The identified organism was F. tularensis, which is an aerobic gram-negative coccobacillus bacterium and the causative agent of tularemia. Serious complications potentially associated with tularemia can include sepsis and disseminated infections [2].
Streptomycin and gentamicin are the preferred antibiotics for the treatment of severe tularemia. For mild to moderate tularemia, tetracycline and doxycycline are appropriate. Oral levofloxacin or ciprofloxacin may be reasonable options [6]. B-lactams show variable unreliable activity against F. tularensis as many strains can be inherently resistant. Because F. tularensis is a facultative intracellular bacterium, only antibiotics with appropriate intracellular pharmacokinetic and pharmacodynamic properties are active [6].
The isolated strain in this patient case was a relatively resistant organism. The patient received piperacillin/tazobactam and ciprofloxacin after the results of the culture were available. Our patient, having an acute kidney injury on top of CKD, wasn’t prescribed aminoglycosides due to potential drug accumulation and the risk of nephrotoxicity, ototoxicity, and neurotoxicity.

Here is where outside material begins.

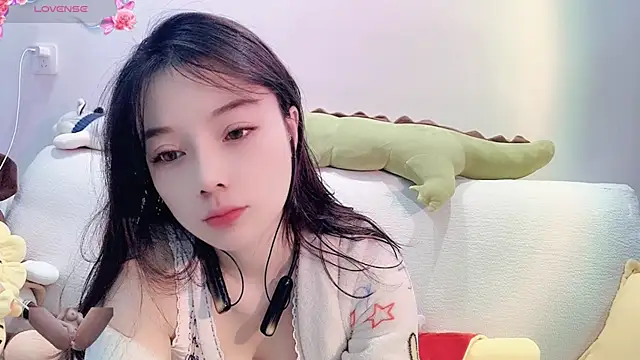 AKiKi711 online show from December 2024 02:24:01 AM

Tetracyclines were not an option as well because the strain was resistant to tigecycline. The strain was sensitive to ciprofloxacin and ofloxacin but was resistant to nalidixic acid. Due to the cross resistance between fluoroquinolones, we ideally need a minimum inhibitory concentration (MIC) to confirm the efficacy of ciprofloxacin on the specific strain. Our patient was prescribed dual antimicrobial therapy with piperacillin/tazobactam and ciprofloxacin. The choice of double antibiotic treatment may be due to the fact that the organism is an unfamiliar cause of osteomyelitis. The patient clinically improved and thus was discharged on intravenous piperacillin/tazobactam and oral ciprofloxacin
The only other case report of F. tularensis causing osteomyelitis described a 10-year-old girl who developed a persistent hand osteomyelitis following a cat bite [7]. The patient presented with a recurring fever of 103°F (39.4°C) that was persistent and the onset was around 2 weeks after the animal bite. The patient was treated with gentamicin and was able to maintain full dexterity of her hand after a 2-month follow-up and had complete resolution of the infection after 6 months [7]. The culture results and susceptibilities were not provided in the published case report.
This is the first case report in the literature describing the isolation of F. tularensis from a diabetic foot osteomyelitis. The patient was treated with surgical wound debridement and dual antibiotic therapy for a total duration of 6 weeks.